Eye witness: Mare Street 08/08/2011
Scenes of police officers fighting running battles with mobs of teenagers haunt the capital this week. But at 4pm on Monday afternoon a seemingly peaceful crowd gathered at the corner of Mare Street and Amhurst Road in Hackney, North London.
The small group — which surrounded 10 or 12 police officers who had attempted to search a young man — was made up of an unexpected cross section of the local community. While hooded youths were dispersed in the group there was also a large contingent of elder residence and onlookers. Mothers with children in prams and community leaders, like the local vicar, were among those gathered as a third day of violence loomed over London.
It was ten minutes later as police reinforcements arrived through the grounds of the St Johns at Hackney church that temperatures began to rise among the crowd. Around 30 officers formed a cordon as they attempted to arrest one young man and move him to an awaiting police van. In doing so they enraged some members of the growing crowd, still largely made up of spectators, who surrounded the police as they tried to move away from the church grounds.
Tensions increased and the tipping point between peace and disorder approached as a single brick thrown from the crowd made contact with a helmetless-officer. The attack changed the atmosphere immediately. Within minutes riot police formed a cordon around the injured officer (pictured) as reinforcements and police dog units made their way to the scene.
Police make a protective cordon around an injured officer before moving rioters along Mare Steet
As one teenager, no older than 16, posed for photos in front of a police van, an officer, clad in riot gear, pushed him out of the way with his shield. A chorus of protest rang out from the crowd of spectators, many videoing the unfolding saga on smartphones. The officer, struggling to supress his rage, told the teenager that his colleague had been injured and that it was no longer a joke. Police officers now appeared agitated and angry, while eager to protect their fellow officers and prevent riots of the scale seen across London on Sunday night.
One onlooker, attempting to control his two dogs amid the panic, tried to justify the violence. “This has been coming for a long time. They asked for discussions with police and it didn’t happen, so now they’re doing this,” he shouted.
It soon became clear the police were waiting for reinforcements to amass before charging the crowd and as the police lines moved South on Mare Street the majority of the onlookers tried to move out of harm’s way but were hampered by gridlocked traffic in all directions.
The size of the crowd rapidly increased in the next few minutes, as hooded youths swarmed in from the South. Masked groups appeared from side streets to launch bricks and pieces of wood at police before disappearing down alleyways in a game of cat and mouse that would come to define the evening’s disturbances.

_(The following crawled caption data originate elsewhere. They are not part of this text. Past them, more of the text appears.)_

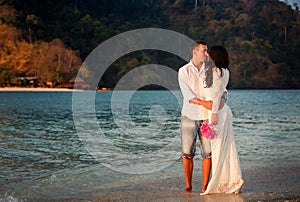 bride and groom walk at beach at dawn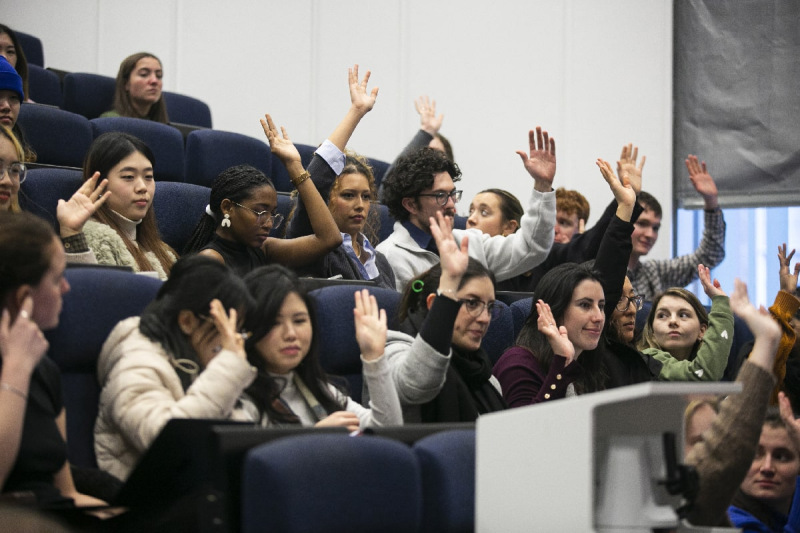 Students with their hands up asking questions in lecture theatre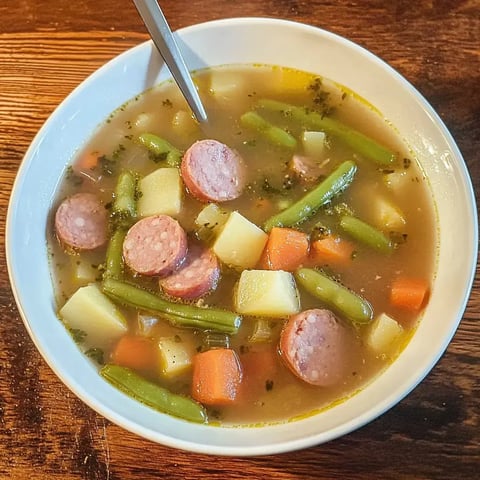 Un bol de soupe aux légumes contenant des saucisses, haricots verts, carottes et morceaux de pommes de terre.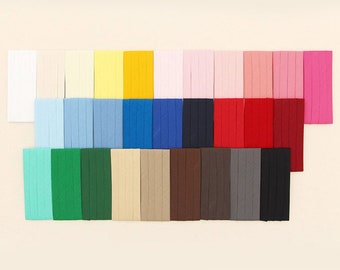 May include: A collection of rectangular fabric swatches arranged in three horizontal rows, displaying a wide spectrum of solid colors including white, yellow, pink, blue, red, green, brown, gray, and black, each featuring vertical stitched lines.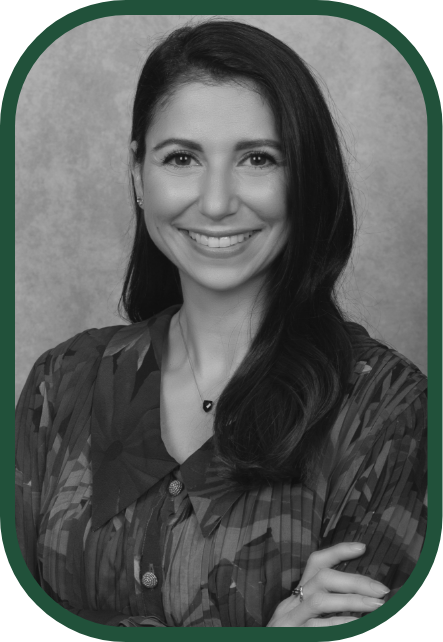 A smiling woman with long dark hair, wearing a patterned blouse, against a neutral background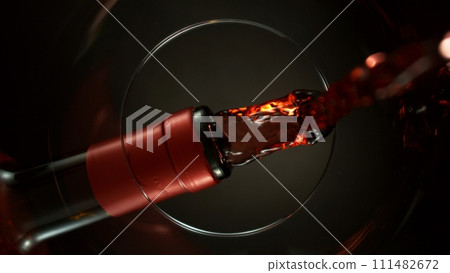 Pouring Red Wine into Glass, Macro Shot. 111482672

At 4.45pm a helicopter circled low overhead while police looked on helplessly as a patrol car was pelted with bricks before two rioters calmly walked forward and threw a dustbin through the shattered windscreen.

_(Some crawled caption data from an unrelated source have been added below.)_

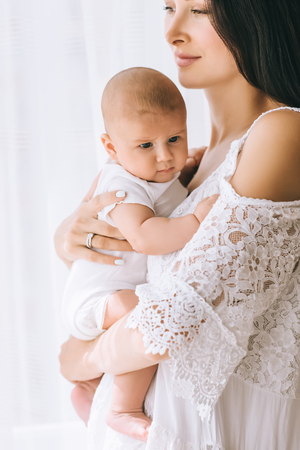 close-up portrait of young mother carrying her little baby in front of white curtainsの写真素材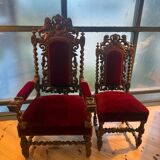 Pair of Louis XIII style armchairs in carved wood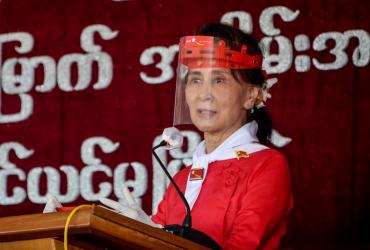 Myanmar's political leader Aung San Suu Kyi wears a face shield as she attends a ceremony to mark the 32nd anniversary of the National League for Democracy (NLD) in Naypyidaw on September 27, 2020. (Thet Aung / AFP)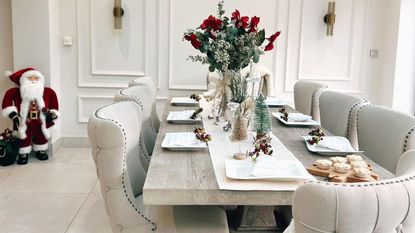 neutral dining room with wooden table and wall panelling and dining chairs
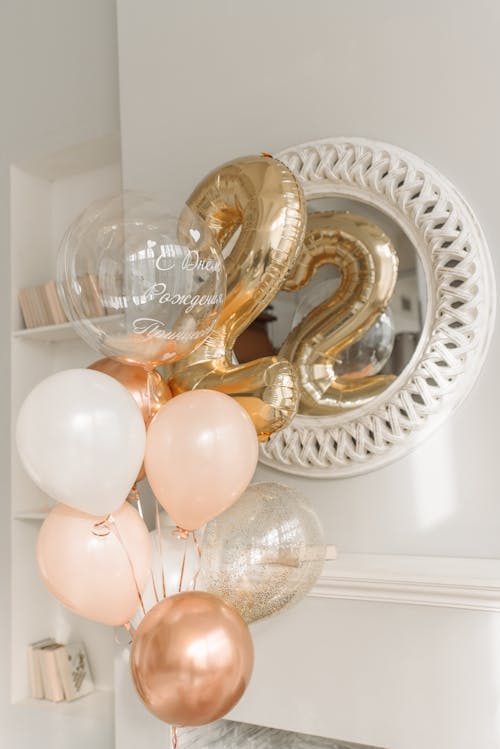 Free White and Gold Balloons Beside a Mirror Hanging on White Wall Stock Photo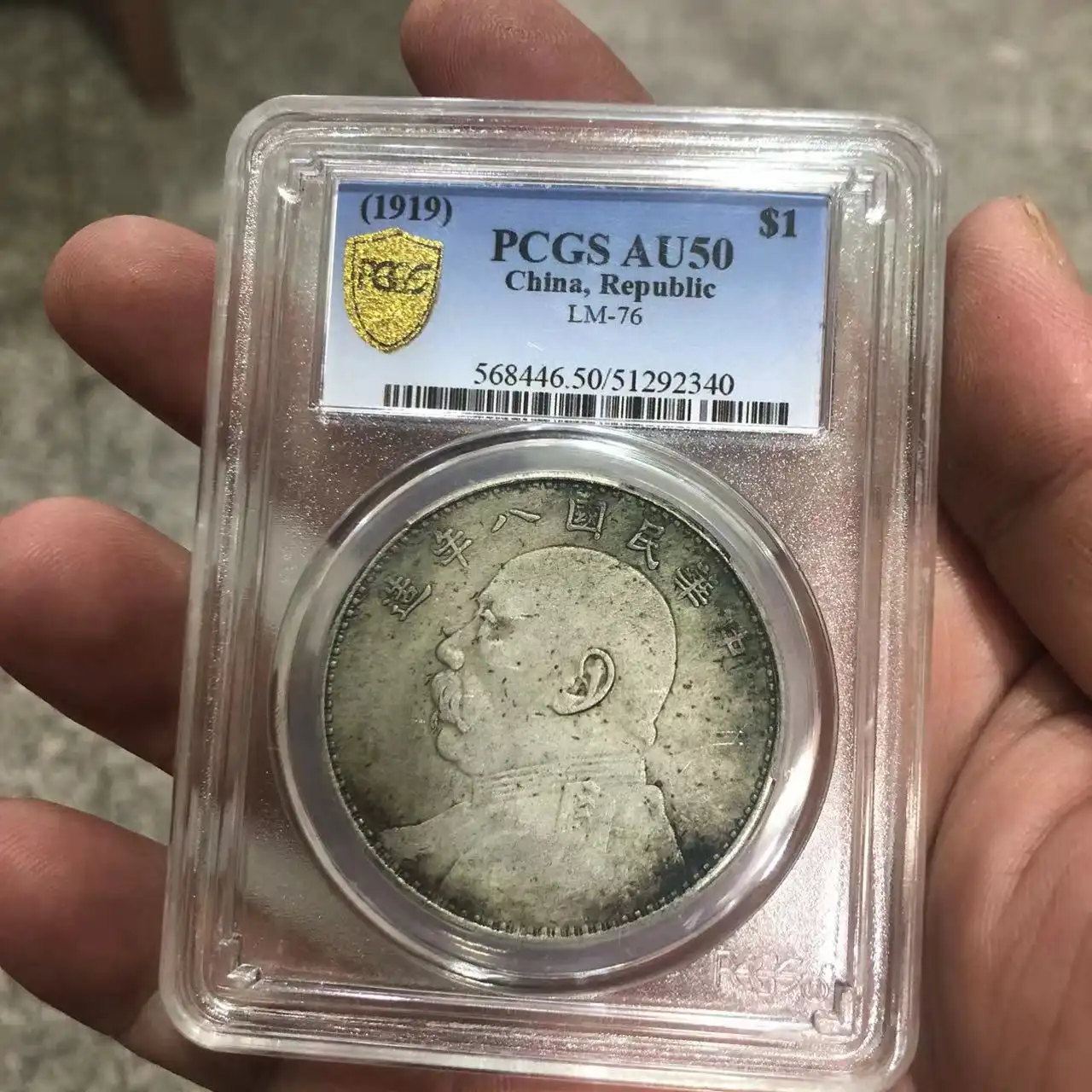 Antique Chinese silver dollar yuan big head coin displayed with PCGS certification box.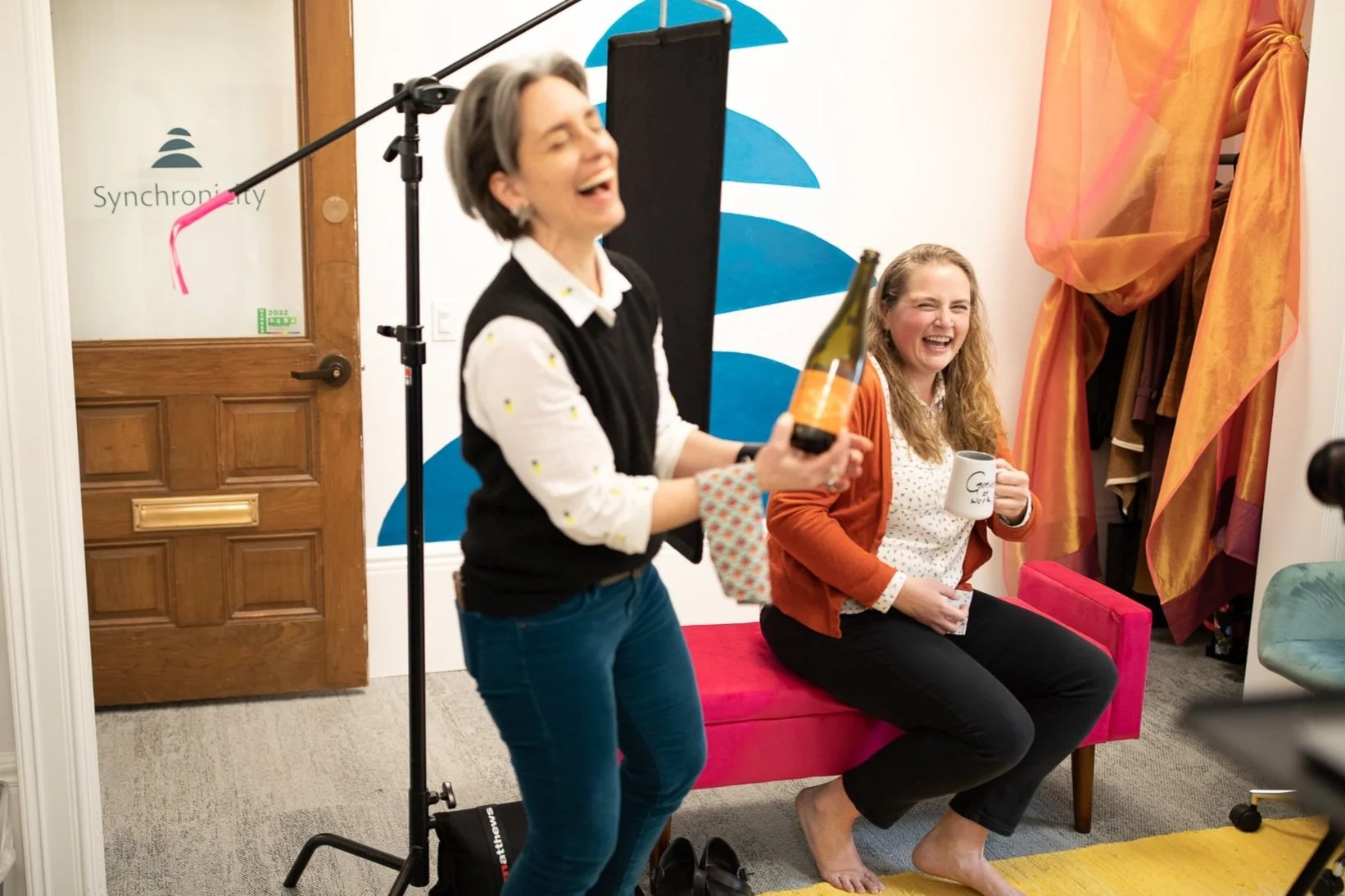 Two women are laughing in a colorful office setting. One holds a champagne bottle, the other holds a mug.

The lawlessness spread back from the police lines as groups of youths, some making vein attempts to obscure their faces and others wearing motorbike helmets, broke up curb stones to provide more ammunition, laughing joyfully as they launched rocks towards the police. Among the chaos on what is normally a busy shopping street an increasing number of onlookers, some clearly on their way home from work and others looking to grab a snapshot of the disturbance, became caught up in the violence.
As the number of rioters continued to swell, police charges succeeded in driving the rioters into side streets along Mare Street where the chaos began to fully unfold as youths torched cars, vandalised buses and looted shops into the early hours of Tuesday morning.